The Kaddish, familiar from Jewish funerals and remembrance services, is technically called Kaddish Yatom, the Orphan’s Kaddish, a prayer that, notably, never once mentions death. Its entire text is a declaration of God’s greatness, written mostly in Aramaic so that its meaning would be immediately understood by ordinary people rather than reserved for scholars: “May His great name be exalted and sanctified in the world that He created according to His will” (from the opening line of the Kaddish). Its purpose is to publicly sanctify God’s name through the merit of a mourner’s continued devotion, which is why Jewish law reserves it specifically for close relatives mourning a Jewish parent, sibling, spouse, or child. A non-Jew, whatever his merits, does not fit inside that specific halachic category, and no responsible posek would simply substitute one name for another in that prayer.

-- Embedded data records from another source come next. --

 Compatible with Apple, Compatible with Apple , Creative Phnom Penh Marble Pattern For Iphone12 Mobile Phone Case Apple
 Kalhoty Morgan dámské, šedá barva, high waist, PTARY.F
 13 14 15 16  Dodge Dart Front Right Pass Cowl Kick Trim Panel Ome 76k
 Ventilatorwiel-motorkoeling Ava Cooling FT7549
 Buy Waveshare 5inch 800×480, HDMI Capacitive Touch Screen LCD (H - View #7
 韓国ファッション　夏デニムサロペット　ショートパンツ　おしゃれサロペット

What Rabbi Zilberstein appears to have authorized was Kaddish DeRabbanan, the Rabbis’ Kaddish, recited not by mourners specifically but by anyone, following any session of Torah study, as an expression of gratitude for the privilege of having studied. Because Kaddish DeRabbanan is tied to the act of Torah study itself rather than to the specific mitzvah of mourning a Jewish relative, it can be dedicated to the memory of anyone whose life the community wishes to honor, Jewish or not, provided the study session comes first. This is precisely the sequence Magal described. The letters of the word Mishnah are themselves a classical rearrangement of the letters of neshamah, soul, and studying Mishnah in someone’s memory is a long-established Jewish custom for elevating a soul, regardless of that person’s faith. Learning first and reciting Kaddish DeRabbanan second is not an improvisation. It is the correct halachic vehicle for exactly the situation Magal faced: gratitude toward a righteous gentile that Jewish law takes seriously enough to have built a specific mechanism for expressing it.
The Bible itself anticipates that non-Jews can sanctify God’s name through their own actions, independent of the covenant given at Sinai. The prophet Malachi declared: “For from the rising of the sun to its setting, My name is great among the nations, and in every place incense is offered to My name, and a pure offering, for My name is great among the nations, says the LORD of Hosts” (Malachi 1:11). A Gentile senator from South Carolina who spent two decades defending the Jewish state in the corridors of American power, at real political cost, sanctified that name as surely as anyone standing in a synagogue. Yinon Magal understood that on Saturday night, and rather than let the moment pass as sentiment, he did what observant Jews do when something demands more than a headline: he asked a rabbi, he learned, and only then did he pray. Lindsey Graham earned that. Few friends of Israel ever have.